Ora Terza
Era l’ora terza quando lo crocifissero
Da duemila anni quell’ora terza è ferma sul quadrante del tempo.
Da duemila anni lo abbiamo sotto gli occhi e sotto le dita: tela dipinta, argento legno o madreperla. Da quando siamo nati, come la luna, come la bandiera, come il cucchiaio o la ruota, quel triangolo è nei nostri sensi quotidiani, abita nel domestico bazar di tutti. E quando moriamo qualcuno, invisibile dietro la nebbia, ce lo appoggia sulla bocca, quella forma fredda e levigata è l’ultima cosa cui dedichiamo amore.
Egli è tranquillità, famigliarità - ormai - quasi ogni volta. E’ l’antico omino nudo che penzola in fondo al rosario; o lungo i viottoli del Tirolo, sotto il tettuccio di abete, si scolora alla pioggia e lo salutiamo con un sospiro tornando a deliziarci del paesaggio.
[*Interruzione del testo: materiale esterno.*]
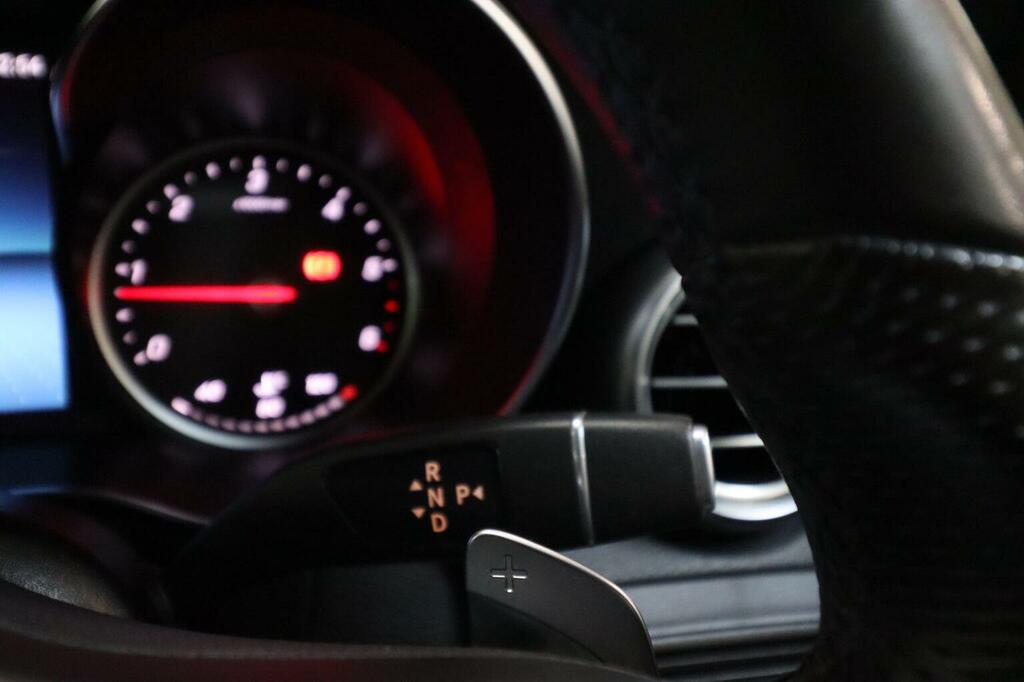 Mercedes-Benz GLC Class Glc 300 Amg Line Premium 4Matic Black #38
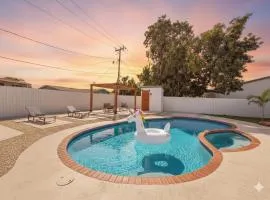 Sunny Beach Getaway, Pool, 4 Bedroom Villa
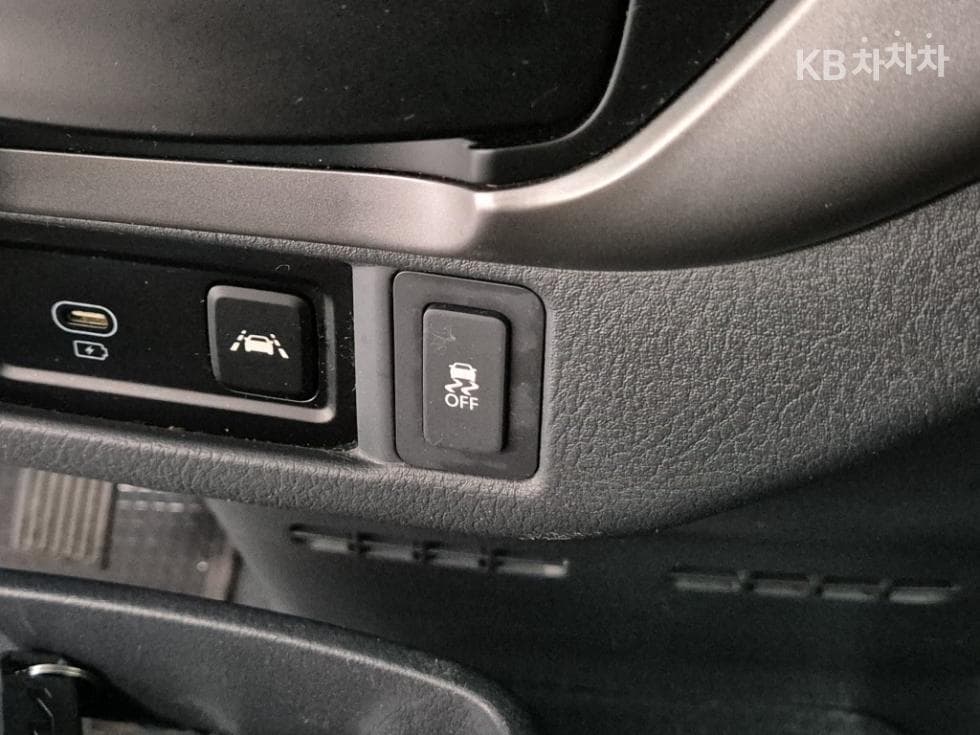 Киа The New (фейслифт) Бонго 3 (лек) EVBox Truck 1 тон 저상형 Королевска кабина Удължено междуосие Стандартен - 15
E’ diventato un oggetto. Abbiamo cercato di mineralizzarlo, lo facciamo patetico o prezioso, d’oro o di mollica di pane, per liberarci della sua agonia e morte di uomo. Più lo riproduciamo e più ci dimentichiamo di lui, di quell’ora terza che è rintoccata milioni di ore fa sulla collina con vera erba, vero sangue, veri minuti.
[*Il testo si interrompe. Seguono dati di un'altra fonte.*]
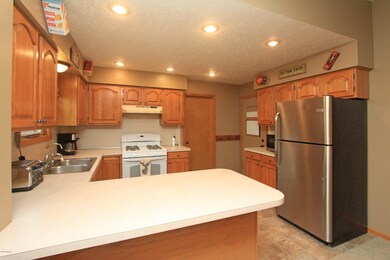 316 Standish Dr, Wayland, MI 49348 - photo 6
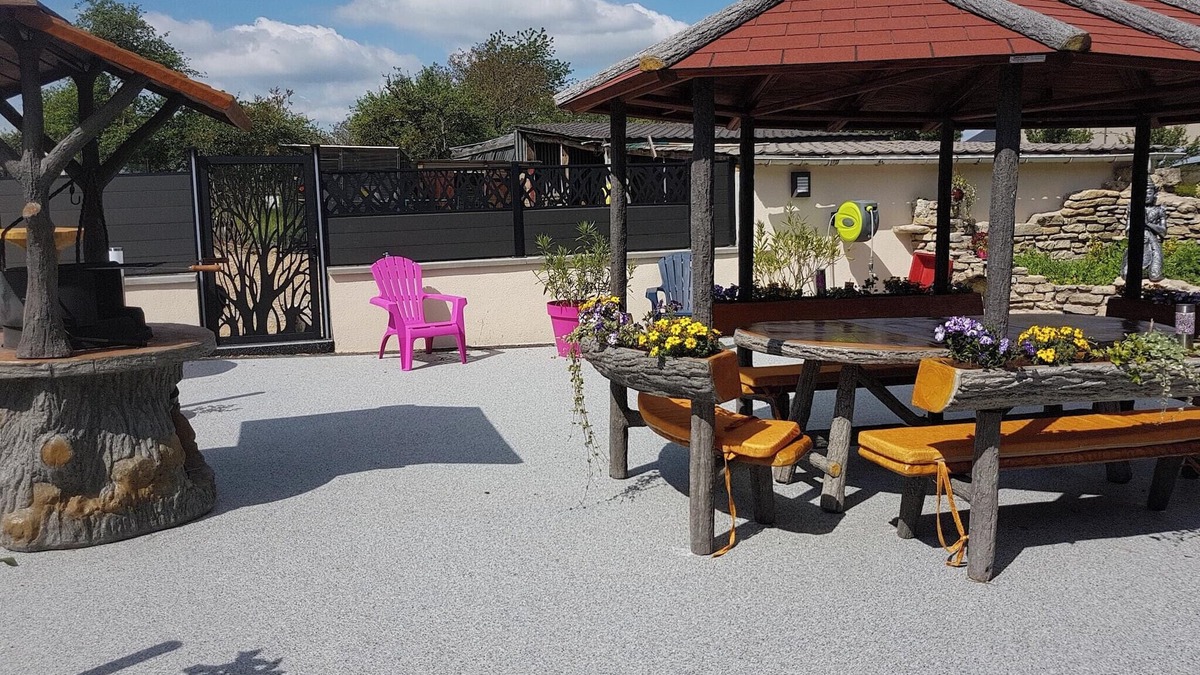 Ottonville Villa | Homerez - Elegant Villa in Ottonville with Private Pool.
Il mondo torna alla pace che gli occorre. Egli aveva provato a farne un grande organo di cattedrale, aveva cavato musica da branchi di porci, da pani secchi, da sgualdrine e da morti; ma il mondo ha preferito tornare al silenzio delle sue colline... perchè non suoni più gli ha messo due chiodi nelle mani.
Posato sull’ultimo respiro l’omino si libera dal suo gelo, spezza l’argento, confida il mistero dell’ora terza.